- Born: March 9, 1880 San Antonio, Texas
- Died: June 4, 1976 (aged 96)
- Citizenship: USA
- Known for: Father of avocado industry in California
- Spouse(s): Emilie A. Hanna, Luise Gait Viney
- Children: Eleanor, Frances and Lucy
- Scientific career
- Notable students: Robert Willard Hodgson

= John Eliot Coit =

John Eliot Coit (March 9, 1880 – June 4, 1976) was an American professor specializing in the horticultural fields of avocado, citrus and carob, and second curator of University of California Citrus Variety Collection

==Early life==
John Eliot Coit was reared in Texas and North Carolina.

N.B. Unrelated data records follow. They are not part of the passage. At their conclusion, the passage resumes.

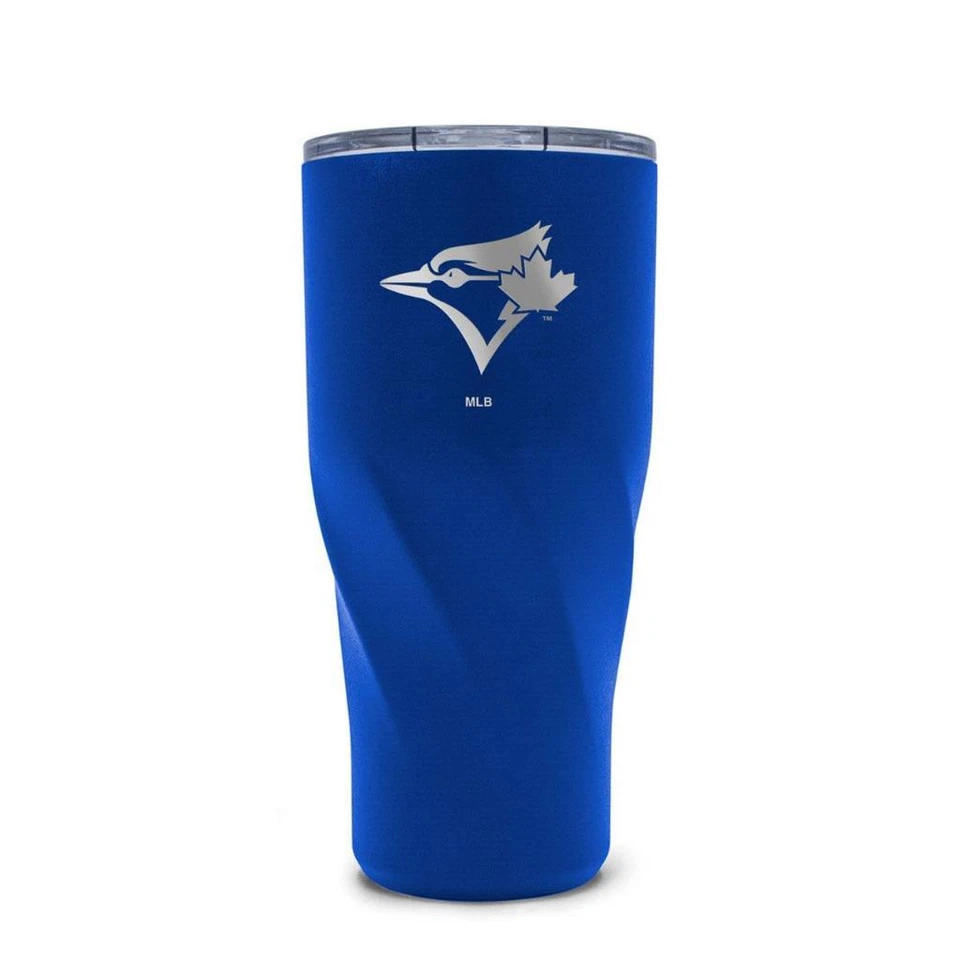 Vaso de viaje Toronto Blue Jays 20 oz Morgan de acero inoxidable [NUEVO] MLB Cup Foto 1 de 1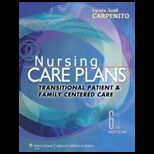 Nursing Care Plans Transitional Patient and Family Centered Care   With Access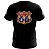 Camiseta Motociclista BRK Preta Route 66 U.S com UV50 + - Imagem 2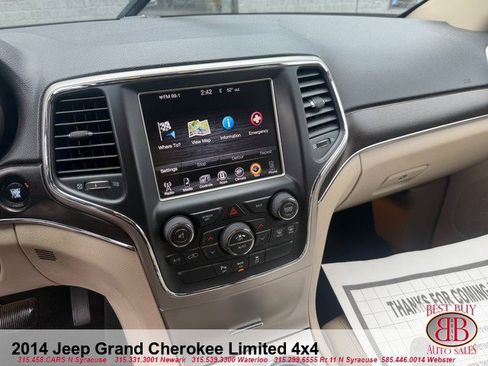 Used 2014 Jeep Grand Cherokee Limited w/ Trailer Tow Group IV image 19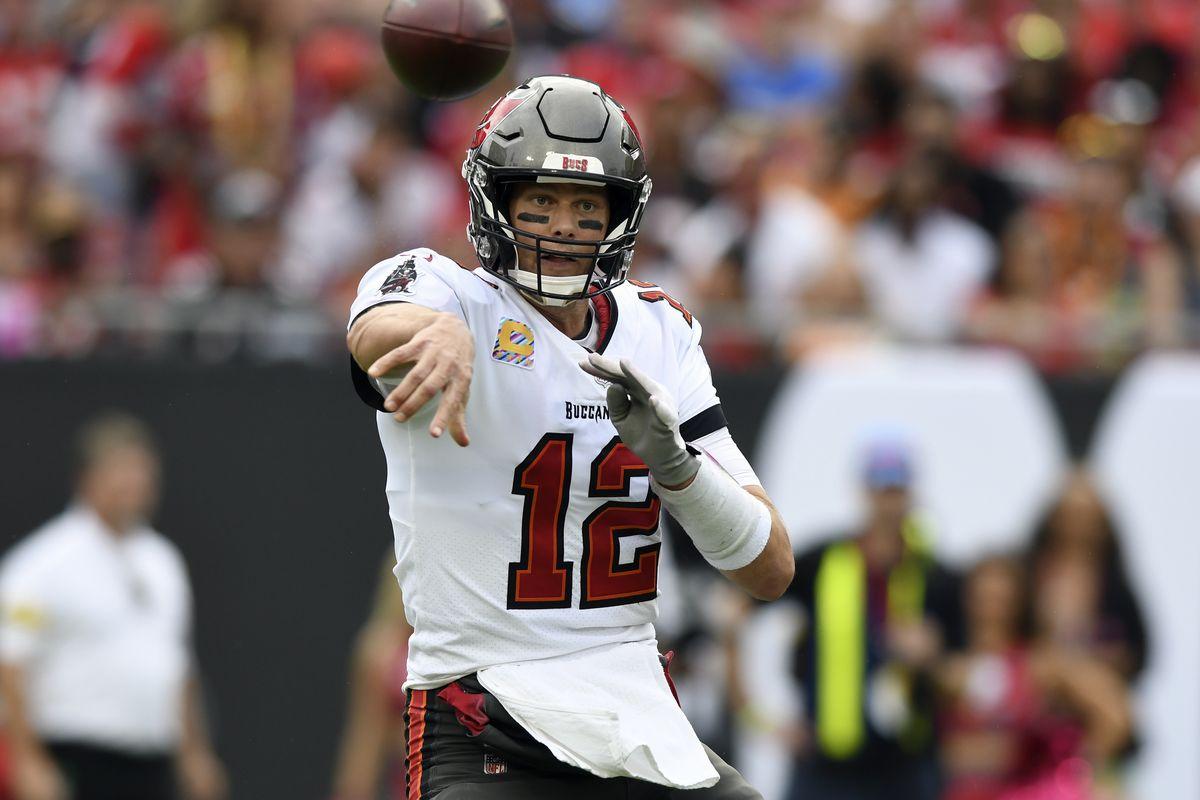 タンパベイ・バッカニアーズのトム・ブレイディ【AP Photo/Jason Behnken】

He spent much of his early life learning the fundamentals of agriculture on experimentally level, with shovel and hoe.

He entered the North Carolina State University College of Agriculture and Life Sciences in 1899, graduating in agriculture in 1903.

==Career==
Soon he became assistant professor of Pomology, University of California at the Whittier Pathological Laboratory and at the University of California Citrus Experiment Station, in Riverside, California. He was Superintendent of the Citrus Experiment Station at Mount Rubidoux in 1911–1912, and in that position was instrumental in selecting the site of the present Citrus Research Center and Experiment Station at Riverside.

From 1913 to 1917, Coit was Professor of Citriculture, University of California, Berkeley. Farm Advisor, Los Angeles County, 1917 to 1919. In 1919 he founded the "Coit Agricultural Service" and is today continuing in this line of service.

Among agricultural organizations, Coit has served as director of the Sierra Madre Lamanda Citrus Association, the California Avocado Association in 1915 and again from 1923 to 1947, and served as president three terms. In 1924 he helped organize the California Avocado Growers Association (now Calavo) and served as director until 1944.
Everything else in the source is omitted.